What characterizes the power imputed to, the Jews in modern anti-Semitism is that it is mysteriously intangible, abstract, and universal. It is considered to be a form of power that does not manifest itself directly, but must find another mode of expression. It seeks a concrete carrier, whether political, social, or cultural, through which it can work. Because the power of the Jews, as conceived by the modern anti-Semitic imagination, is not bound concretely, is not “rooted,” it is presumed to be of staggering immensity and extremely difficult to check. It is considered to stand behind phenomena, but not to be identical with them. Its source is therefore deemed hidden—conspiratorial. The Jews represent an immensely powerful, intangible, international conspiracy. A graphic example of this vision is provided by a Nazi poster depicting Germany—represented as a strong, honest worker—threatened in the West by a fat, plutocratic John Bull and in the East by a brutal, barbaric Bolshevic Commissar. Yet, these two hostile forces are mere puppets. Peering over the edge of the globe, with the puppet strings firmly in his hands, is the Jew. Such a vision was by no means a monopoly of the Nazis.

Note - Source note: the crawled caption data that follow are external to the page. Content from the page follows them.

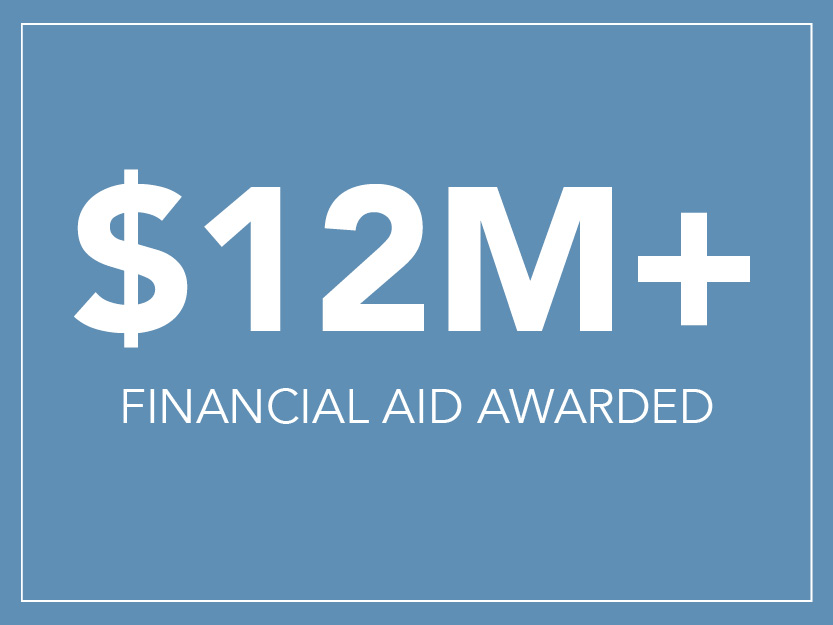 12 million plus dollars awarded in financial aid.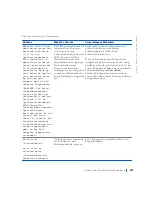 Preview for 191 page of Dell Precision WorkStation 420 Setup And Quick Reference Manual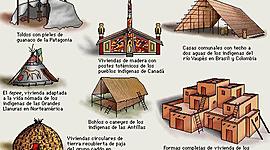 Timeline: EVOLUCIÓN HISTÓRICA DE LAS VIVIENDAS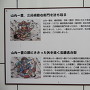 歴史民俗資料館外壁の絵の説明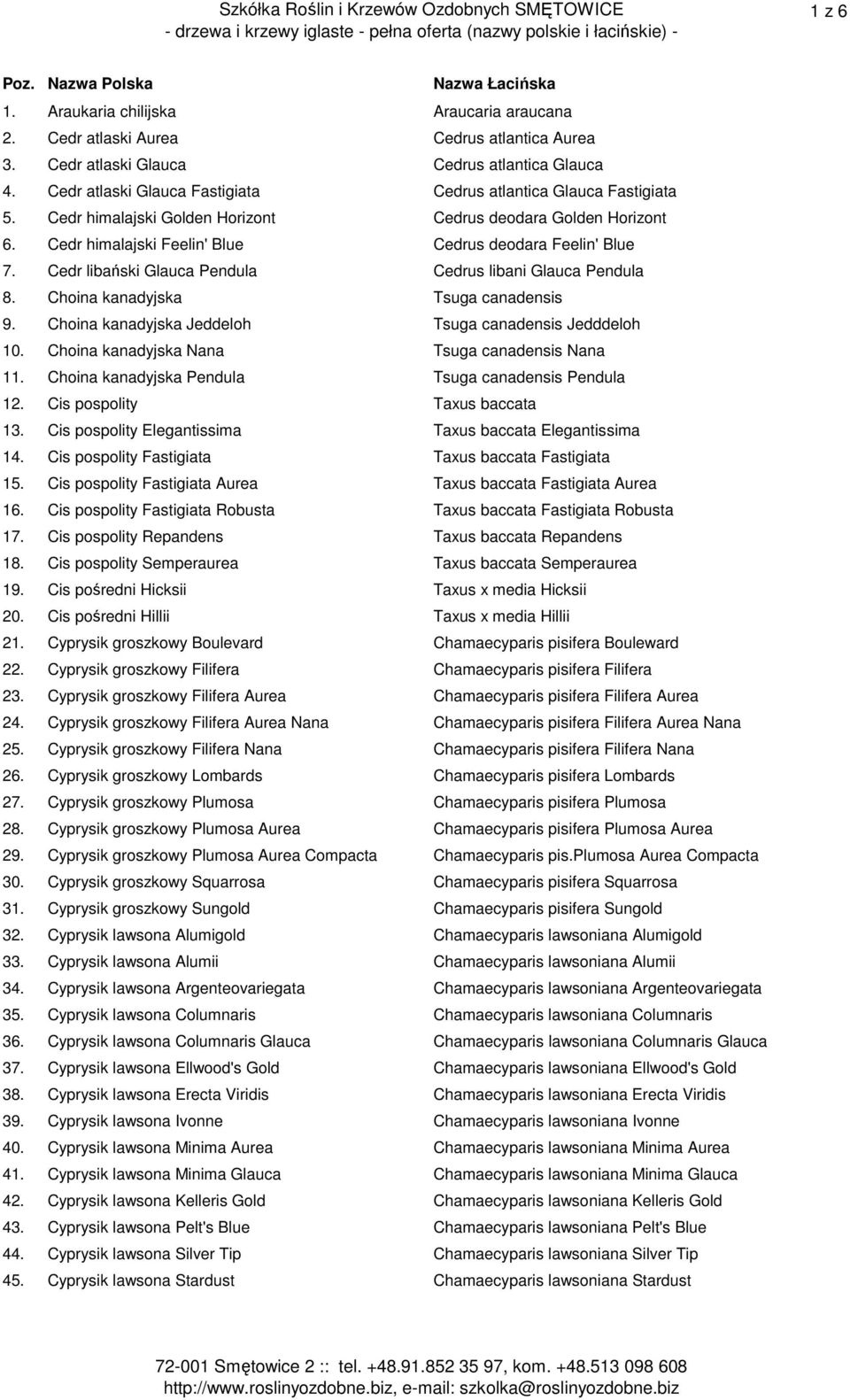 Cedr libański Glauca Pendula Cedrus libani Glauca Pendula 8. Choina kanadyjska Tsuga canadensis 9. Choina kanadyjska Jeddeloh Tsuga canadensis Jedddeloh 10.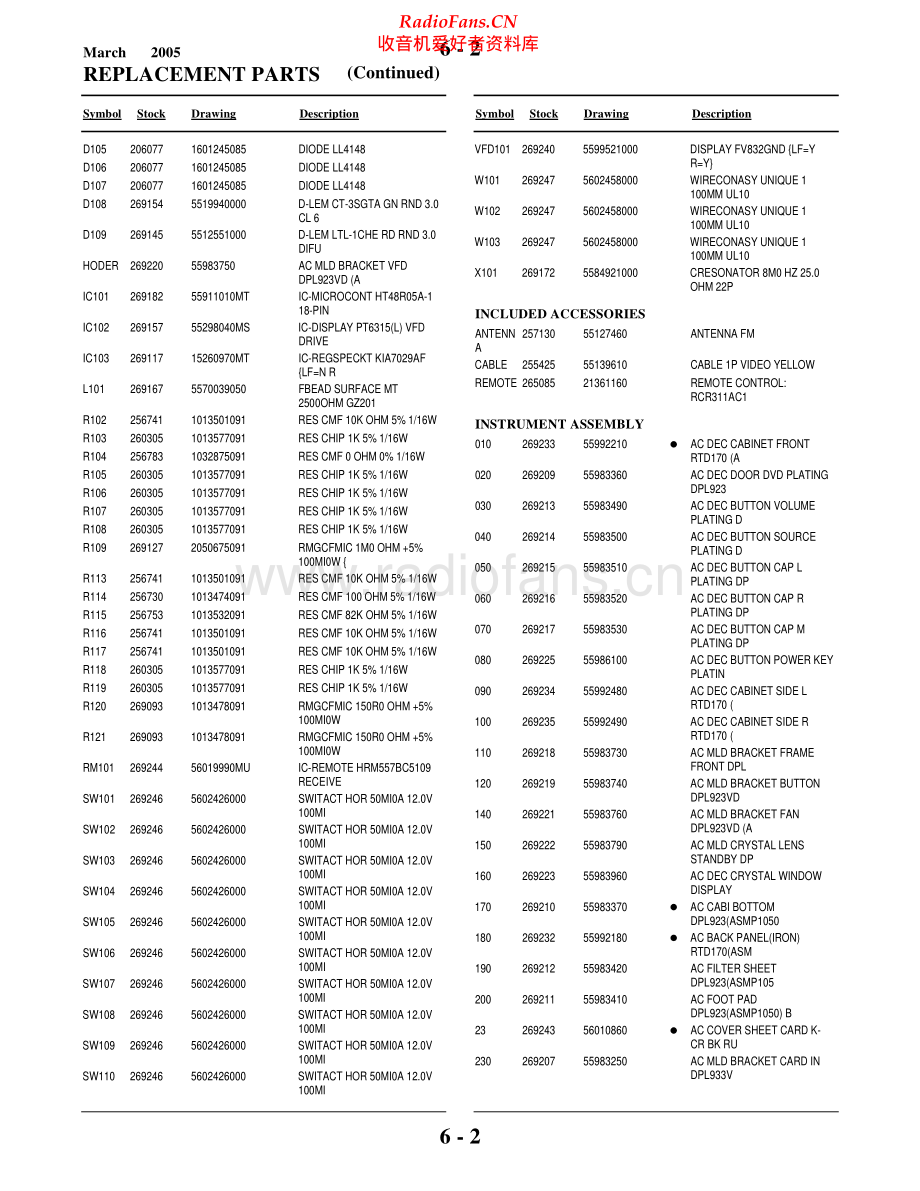 RCA-RTD170-cs-sch 维修电路原理图.pdf_第2页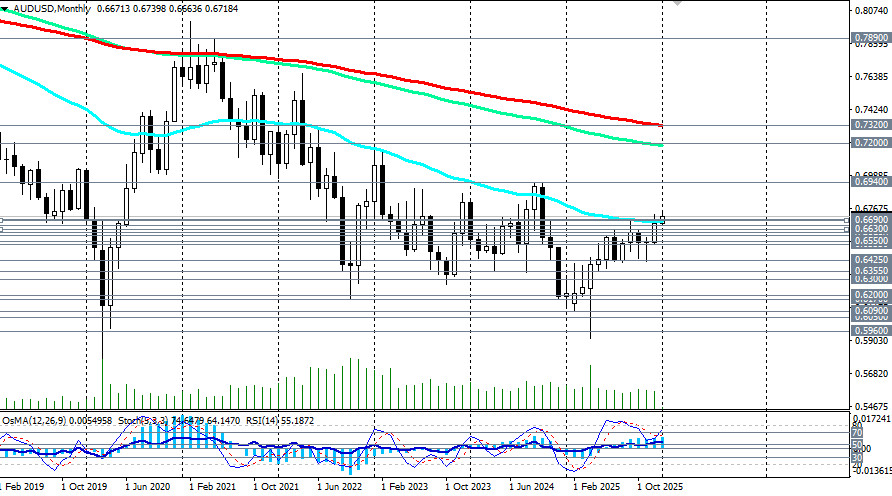 .AUD/USD: сценарии динамики на 06.01.2026.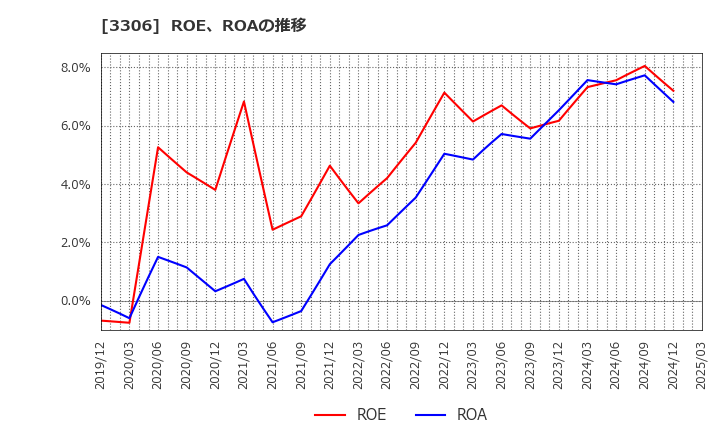 3306 日本製麻(株): ROE、ROAの推移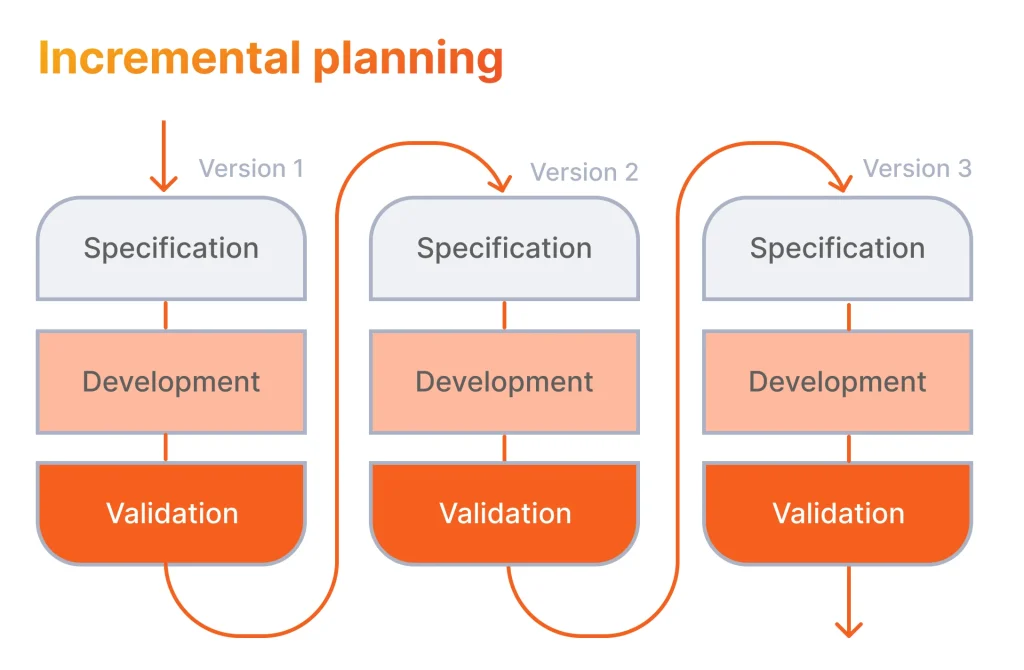 Incremental planning software development methodology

It is characteristic of modern anti-Semitism that the Jews are considered to be the force behind those “apparent” opposites: plutocratic capitalism and socialism. “International Jewry” is, moreover, perceived to be centered in the “asphalt jungles” of the newly emergent urban megalopoli, to be behind “vulgar, materialist, modern culture” and, in general, all forces contributing to the decline of traditional social groupings, values, and institutions. The Jews represent a foreign, dangerous, destructive force undermining the social “health” of the nation.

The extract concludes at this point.